What you write must match, character for character, the lines from the one with "Anyway let's go" down to the one with "Hello, my name" in the listing below, minus its pictures.

*** Opening of Entries supplied ***

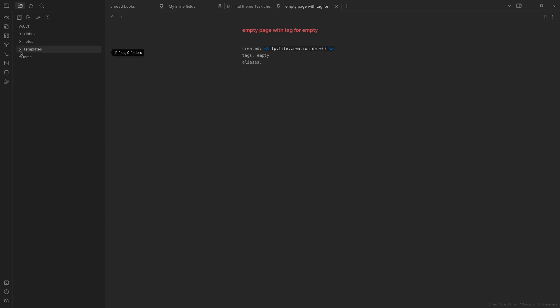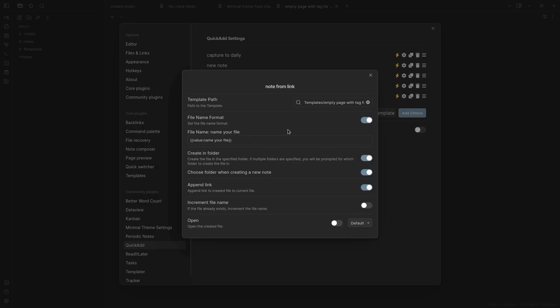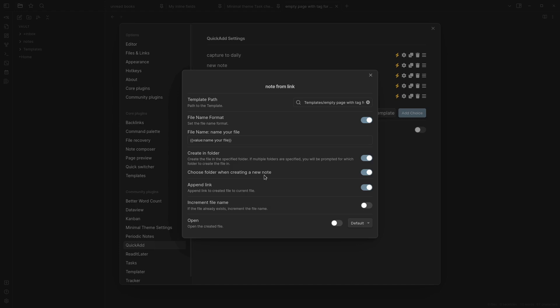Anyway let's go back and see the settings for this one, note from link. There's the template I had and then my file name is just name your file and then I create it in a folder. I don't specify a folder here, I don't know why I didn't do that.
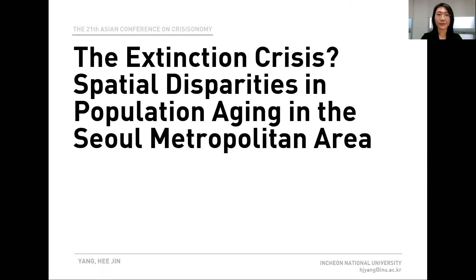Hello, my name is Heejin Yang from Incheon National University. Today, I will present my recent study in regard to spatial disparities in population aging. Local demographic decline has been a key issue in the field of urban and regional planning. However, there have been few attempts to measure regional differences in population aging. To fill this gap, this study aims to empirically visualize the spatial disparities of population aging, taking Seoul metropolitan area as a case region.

*** Close of Entries supplied ***
*** Opening of Entries supplied ***

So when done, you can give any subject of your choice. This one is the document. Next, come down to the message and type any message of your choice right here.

*** Close of Entries supplied ***
*** Opening of Entries supplied ***

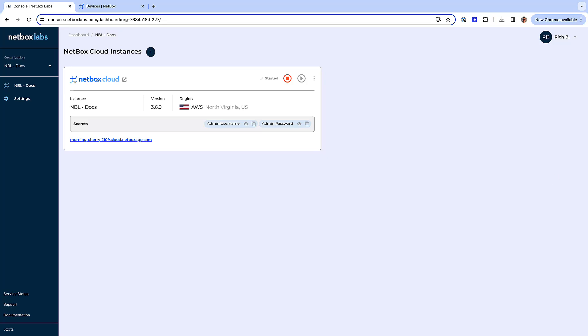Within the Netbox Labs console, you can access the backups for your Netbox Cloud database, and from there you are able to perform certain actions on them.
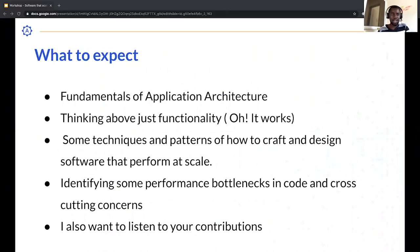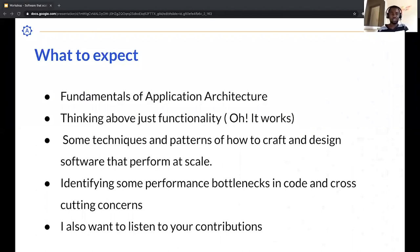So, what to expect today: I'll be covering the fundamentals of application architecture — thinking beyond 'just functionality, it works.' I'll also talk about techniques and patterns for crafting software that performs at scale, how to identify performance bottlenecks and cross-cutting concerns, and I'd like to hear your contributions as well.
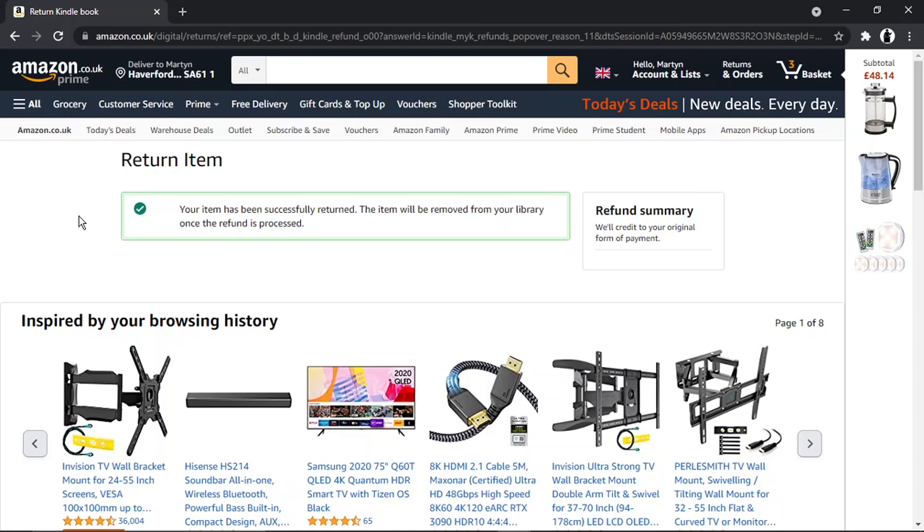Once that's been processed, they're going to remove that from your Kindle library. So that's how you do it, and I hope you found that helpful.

*** Close of Entries supplied ***

Answer to the exercise:
Anyway let's go back and see the settings for this one, note from link. There's the template I had and then my file name is just name your file and then I create it in a folder. I don't specify a folder here, I don't know why I didn't do that.
Hello, my name is Heejin Yang from Incheon National University. Today, I will present my recent study in regard to spatial disparities in population aging. Local demographic decline has been a key issue in the field of urban and regional planning. However, there have been few attempts to measure regional differences in population aging. To fill this gap, this study aims to empirically visualize the spatial disparities of population aging, taking Seoul metropolitan area as a case region.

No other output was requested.